━━━ Stored data
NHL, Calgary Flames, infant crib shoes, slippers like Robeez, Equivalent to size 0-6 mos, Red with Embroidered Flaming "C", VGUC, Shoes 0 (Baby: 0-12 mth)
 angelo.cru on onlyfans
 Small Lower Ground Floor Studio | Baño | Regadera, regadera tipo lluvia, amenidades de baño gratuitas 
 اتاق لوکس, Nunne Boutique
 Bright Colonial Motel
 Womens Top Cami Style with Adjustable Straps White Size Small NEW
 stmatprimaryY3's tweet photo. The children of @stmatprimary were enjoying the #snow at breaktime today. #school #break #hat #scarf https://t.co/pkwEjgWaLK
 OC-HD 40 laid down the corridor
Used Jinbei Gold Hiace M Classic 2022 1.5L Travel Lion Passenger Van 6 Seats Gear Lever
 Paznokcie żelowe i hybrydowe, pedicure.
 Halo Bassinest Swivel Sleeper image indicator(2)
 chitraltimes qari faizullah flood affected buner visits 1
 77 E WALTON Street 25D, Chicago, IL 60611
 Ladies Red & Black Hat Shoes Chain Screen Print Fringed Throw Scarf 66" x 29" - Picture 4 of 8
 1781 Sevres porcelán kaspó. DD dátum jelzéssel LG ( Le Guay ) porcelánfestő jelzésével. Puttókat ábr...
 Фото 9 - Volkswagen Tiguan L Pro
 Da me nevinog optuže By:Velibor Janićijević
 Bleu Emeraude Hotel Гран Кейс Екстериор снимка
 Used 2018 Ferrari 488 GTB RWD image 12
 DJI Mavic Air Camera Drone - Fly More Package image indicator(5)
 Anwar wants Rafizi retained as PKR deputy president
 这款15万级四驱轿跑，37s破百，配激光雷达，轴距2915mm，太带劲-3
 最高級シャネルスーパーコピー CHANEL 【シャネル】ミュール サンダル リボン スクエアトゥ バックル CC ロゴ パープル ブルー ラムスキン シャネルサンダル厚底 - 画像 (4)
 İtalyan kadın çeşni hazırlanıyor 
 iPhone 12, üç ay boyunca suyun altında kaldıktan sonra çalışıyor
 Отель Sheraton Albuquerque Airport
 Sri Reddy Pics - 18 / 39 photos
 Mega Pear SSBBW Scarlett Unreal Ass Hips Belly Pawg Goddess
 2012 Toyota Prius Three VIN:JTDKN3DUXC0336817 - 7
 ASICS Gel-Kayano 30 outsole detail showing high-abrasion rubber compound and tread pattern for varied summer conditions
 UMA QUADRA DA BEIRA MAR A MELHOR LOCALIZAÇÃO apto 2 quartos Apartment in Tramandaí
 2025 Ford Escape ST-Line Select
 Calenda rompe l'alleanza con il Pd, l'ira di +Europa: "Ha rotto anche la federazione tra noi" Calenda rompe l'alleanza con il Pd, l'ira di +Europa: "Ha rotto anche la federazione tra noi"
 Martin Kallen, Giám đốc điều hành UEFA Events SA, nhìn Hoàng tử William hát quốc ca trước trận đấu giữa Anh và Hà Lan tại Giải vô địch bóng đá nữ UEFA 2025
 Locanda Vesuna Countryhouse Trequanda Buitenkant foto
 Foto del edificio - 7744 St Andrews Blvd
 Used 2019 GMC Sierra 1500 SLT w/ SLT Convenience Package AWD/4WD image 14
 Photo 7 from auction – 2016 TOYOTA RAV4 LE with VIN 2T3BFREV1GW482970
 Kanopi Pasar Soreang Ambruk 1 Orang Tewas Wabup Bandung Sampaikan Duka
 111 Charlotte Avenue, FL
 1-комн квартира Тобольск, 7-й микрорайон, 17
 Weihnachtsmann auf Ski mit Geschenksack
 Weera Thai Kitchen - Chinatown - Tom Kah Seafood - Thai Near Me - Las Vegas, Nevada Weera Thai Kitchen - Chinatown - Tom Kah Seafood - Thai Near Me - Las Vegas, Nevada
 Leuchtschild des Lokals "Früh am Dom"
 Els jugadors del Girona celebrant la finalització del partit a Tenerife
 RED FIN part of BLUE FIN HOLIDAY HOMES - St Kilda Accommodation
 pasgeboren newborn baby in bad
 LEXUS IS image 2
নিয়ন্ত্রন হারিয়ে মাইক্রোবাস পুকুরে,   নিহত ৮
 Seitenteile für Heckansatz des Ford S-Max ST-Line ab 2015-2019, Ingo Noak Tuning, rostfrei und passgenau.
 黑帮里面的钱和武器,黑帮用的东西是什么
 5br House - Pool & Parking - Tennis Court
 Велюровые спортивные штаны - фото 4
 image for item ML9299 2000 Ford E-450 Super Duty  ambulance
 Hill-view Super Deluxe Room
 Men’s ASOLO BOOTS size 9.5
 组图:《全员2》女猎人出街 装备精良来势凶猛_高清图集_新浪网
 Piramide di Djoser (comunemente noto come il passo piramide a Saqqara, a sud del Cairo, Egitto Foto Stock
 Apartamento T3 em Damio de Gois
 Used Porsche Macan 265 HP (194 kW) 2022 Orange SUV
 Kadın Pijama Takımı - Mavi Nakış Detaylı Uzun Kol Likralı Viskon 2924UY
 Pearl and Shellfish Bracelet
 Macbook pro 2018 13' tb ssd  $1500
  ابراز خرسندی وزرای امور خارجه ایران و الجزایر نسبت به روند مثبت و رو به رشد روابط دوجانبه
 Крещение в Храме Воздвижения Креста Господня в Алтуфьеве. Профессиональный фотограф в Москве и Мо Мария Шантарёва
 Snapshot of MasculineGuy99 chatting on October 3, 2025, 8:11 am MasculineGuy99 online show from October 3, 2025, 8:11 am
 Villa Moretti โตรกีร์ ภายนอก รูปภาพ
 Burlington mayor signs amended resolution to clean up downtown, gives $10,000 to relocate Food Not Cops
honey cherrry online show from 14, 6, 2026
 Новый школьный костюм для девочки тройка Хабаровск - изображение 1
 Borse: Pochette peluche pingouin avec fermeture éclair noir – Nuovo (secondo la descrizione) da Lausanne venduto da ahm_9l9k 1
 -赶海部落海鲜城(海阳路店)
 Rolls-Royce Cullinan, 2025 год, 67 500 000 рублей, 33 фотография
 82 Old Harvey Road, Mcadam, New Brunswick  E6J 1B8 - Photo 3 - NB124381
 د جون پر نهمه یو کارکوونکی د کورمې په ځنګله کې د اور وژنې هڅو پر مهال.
━━━━━━
So that nothing is lost, retype every entry in the listing above exactly.

NHL, Calgary Flames, infant crib shoes, slippers like Robeez, Equivalent to size 0-6 mos, Red with Embroidered Flaming "C", VGUC, Shoes 0 (Baby: 0-12 mth)
 angelo.cru on onlyfans
 Small Lower Ground Floor Studio | Baño | Regadera, regadera tipo lluvia, amenidades de baño gratuitas 
 اتاق لوکس, Nunne Boutique
 Bright Colonial Motel
 Womens Top Cami Style with Adjustable Straps White Size Small NEW
 stmatprimaryY3's tweet photo. The children of @stmatprimary were enjoying the #snow at breaktime today. #school #break #hat #scarf https://t.co/pkwEjgWaLK
 OC-HD 40 laid down the corridor
Used Jinbei Gold Hiace M Classic 2022 1.5L Travel Lion Passenger Van 6 Seats Gear Lever
 Paznokcie żelowe i hybrydowe, pedicure.
 Halo Bassinest Swivel Sleeper image indicator(2)
 chitraltimes qari faizullah flood affected buner visits 1
 77 E WALTON Street 25D, Chicago, IL 60611
 Ladies Red & Black Hat Shoes Chain Screen Print Fringed Throw Scarf 66" x 29" - Picture 4 of 8
 1781 Sevres porcelán kaspó. DD dátum jelzéssel LG ( Le Guay ) porcelánfestő jelzésével. Puttókat ábr...
 Фото 9 - Volkswagen Tiguan L Pro
 Da me nevinog optuže By:Velibor Janićijević
 Bleu Emeraude Hotel Гран Кейс Екстериор снимка
 Used 2018 Ferrari 488 GTB RWD image 12
 DJI Mavic Air Camera Drone - Fly More Package image indicator(5)
 Anwar wants Rafizi retained as PKR deputy president
 这款15万级四驱轿跑，37s破百，配激光雷达，轴距2915mm，太带劲-3
 最高級シャネルスーパーコピー CHANEL 【シャネル】ミュール サンダル リボン スクエアトゥ バックル CC ロゴ パープル ブルー ラムスキン シャネルサンダル厚底 - 画像 (4)
 İtalyan kadın çeşni hazırlanıyor 
 iPhone 12, üç ay boyunca suyun altında kaldıktan sonra çalışıyor
 Отель Sheraton Albuquerque Airport
 Sri Reddy Pics - 18 / 39 photos
 Mega Pear SSBBW Scarlett Unreal Ass Hips Belly Pawg Goddess
 2012 Toyota Prius Three VIN:JTDKN3DUXC0336817 - 7
 ASICS Gel-Kayano 30 outsole detail showing high-abrasion rubber compound and tread pattern for varied summer conditions
 UMA QUADRA DA BEIRA MAR A MELHOR LOCALIZAÇÃO apto 2 quartos Apartment in Tramandaí
 2025 Ford Escape ST-Line Select
 Calenda rompe l'alleanza con il Pd, l'ira di +Europa: "Ha rotto anche la federazione tra noi" Calenda rompe l'alleanza con il Pd, l'ira di +Europa: "Ha rotto anche la federazione tra noi"
 Martin Kallen, Giám đốc điều hành UEFA Events SA, nhìn Hoàng tử William hát quốc ca trước trận đấu giữa Anh và Hà Lan tại Giải vô địch bóng đá nữ UEFA 2025
 Locanda Vesuna Countryhouse Trequanda Buitenkant foto
 Foto del edificio - 7744 St Andrews Blvd
 Used 2019 GMC Sierra 1500 SLT w/ SLT Convenience Package AWD/4WD image 14
 Photo 7 from auction – 2016 TOYOTA RAV4 LE with VIN 2T3BFREV1GW482970
 Kanopi Pasar Soreang Ambruk 1 Orang Tewas Wabup Bandung Sampaikan Duka
 111 Charlotte Avenue, FL
 1-комн квартира Тобольск, 7-й микрорайон, 17
 Weihnachtsmann auf Ski mit Geschenksack
 Weera Thai Kitchen - Chinatown - Tom Kah Seafood - Thai Near Me - Las Vegas, Nevada Weera Thai Kitchen - Chinatown - Tom Kah Seafood - Thai Near Me - Las Vegas, Nevada
 Leuchtschild des Lokals "Früh am Dom"
 Els jugadors del Girona celebrant la finalització del partit a Tenerife
 RED FIN part of BLUE FIN HOLIDAY HOMES - St Kilda Accommodation
 pasgeboren newborn baby in bad
 LEXUS IS image 2
নিয়ন্ত্রন হারিয়ে মাইক্রোবাস পুকুরে,   নিহত ৮
 Seitenteile für Heckansatz des Ford S-Max ST-Line ab 2015-2019, Ingo Noak Tuning, rostfrei und passgenau.
 黑帮里面的钱和武器,黑帮用的东西是什么
 5br House - Pool & Parking - Tennis Court
 Велюровые спортивные штаны - фото 4
 image for item ML9299 2000 Ford E-450 Super Duty  ambulance
 Hill-view Super Deluxe Room
 Men’s ASOLO BOOTS size 9.5
 组图:《全员2》女猎人出街 装备精良来势凶猛_高清图集_新浪网
 Piramide di Djoser (comunemente noto come il passo piramide a Saqqara, a sud del Cairo, Egitto Foto Stock
 Apartamento T3 em Damio de Gois
 Used Porsche Macan 265 HP (194 kW) 2022 Orange SUV
 Kadın Pijama Takımı - Mavi Nakış Detaylı Uzun Kol Likralı Viskon 2924UY
 Pearl and Shellfish Bracelet
 Macbook pro 2018 13' tb ssd  $1500
  ابراز خرسندی وزرای امور خارجه ایران و الجزایر نسبت به روند مثبت و رو به رشد روابط دوجانبه
 Крещение в Храме Воздвижения Креста Господня в Алтуфьеве. Профессиональный фотограф в Москве и Мо Мария Шантарёва
 Snapshot of MasculineGuy99 chatting on October 3, 2025, 8:11 am MasculineGuy99 online show from October 3, 2025, 8:11 am
 Villa Moretti โตรกีร์ ภายนอก รูปภาพ
 Burlington mayor signs amended resolution to clean up downtown, gives $10,000 to relocate Food Not Cops
honey cherrry online show from 14, 6, 2026
 Новый школьный костюм для девочки тройка Хабаровск - изображение 1
 Borse: Pochette peluche pingouin avec fermeture éclair noir – Nuovo (secondo la descrizione) da Lausanne venduto da ahm_9l9k 1
 -赶海部落海鲜城(海阳路店)
 Rolls-Royce Cullinan, 2025 год, 67 500 000 рублей, 33 фотография
 82 Old Harvey Road, Mcadam, New Brunswick  E6J 1B8 - Photo 3 - NB124381
 د جون پر نهمه یو کارکوونکی د کورمې په ځنګله کې د اور وژنې هڅو پر مهال.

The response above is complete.